Carole Caroompas

September 3 - October 22, 2025
Overview
Anton Kern Gallery is pleased to announce an exhibition of paintings by the late Los Angeles artist Carole Caroompas (1946–2022), her first in New York in over three decades. Bringing together nine works from four distinct series—Hester and Zorro: In Quest of a New World, Before and After Frankenstein: The Woman Who Knew Too Much, Heathcliffe and the Femme Fatale Go on Tour, and Dances with Misfits: Eye Dazzler—this exhibition presents an overview of her practice between the 1990s and early 2000s, showing the vast milieu from which she could cull stories, heroes, antiheroes, and victims from popular culture, restructuring them into complex tableaux that lay bare the mechanics of power, identity, and desire embedded within our shared narratives.

Caroompas’s paintings are densely layered with images, intricate patterns, and collaged materials.
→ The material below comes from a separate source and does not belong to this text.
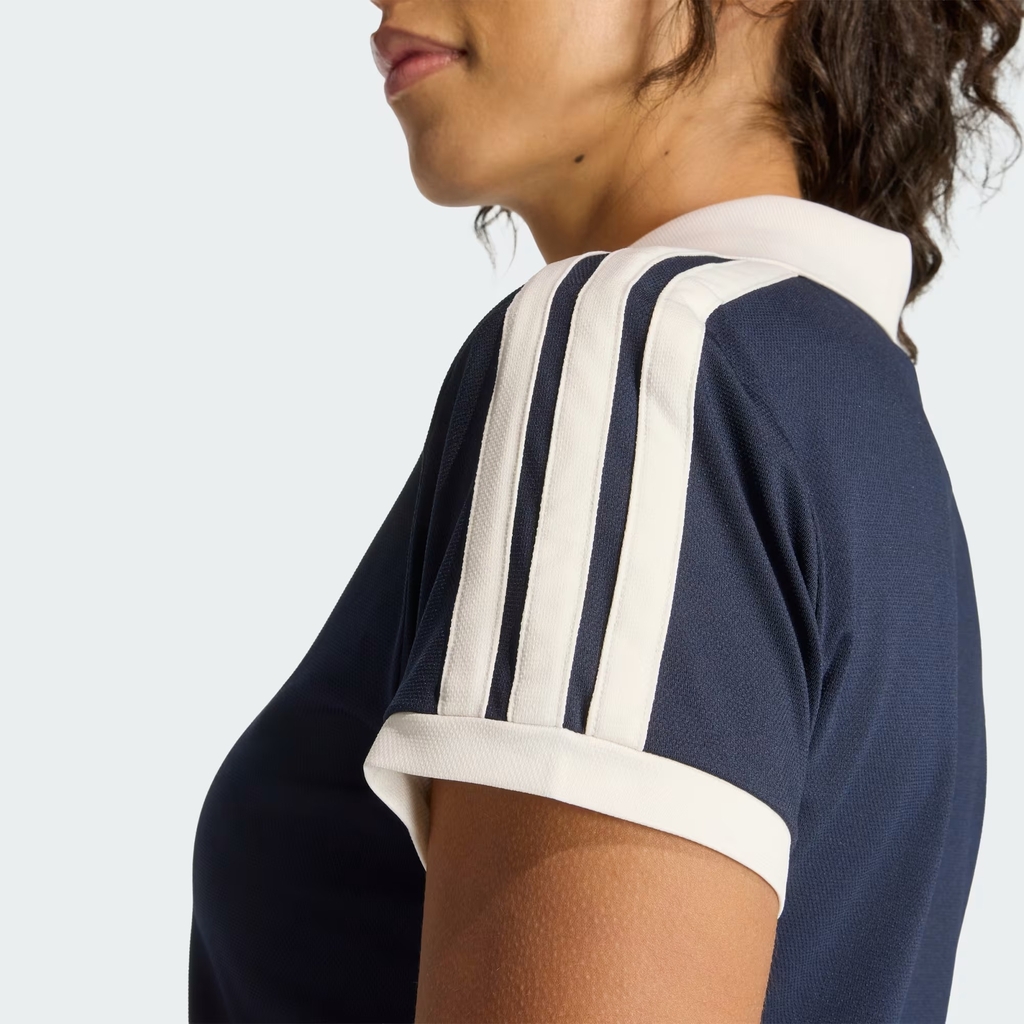 Áo Polo tennis/pickleball adidas Classics Nữ - KD7597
Like many of her peers working in Los Angeles in the 1980s and ’90s—artists such as Alexis Smith, Mike Kelley, and Paul McCarthy—her work reveals a voracious engagement with American pop culture’s vast archive of characters, myths, and narrative archetypes. By extracting familiar figures from this spectacle of mass entertainment, Caroompas recasts them in deliberate juxtapositions that often veer toward the absurd or outright incongruous.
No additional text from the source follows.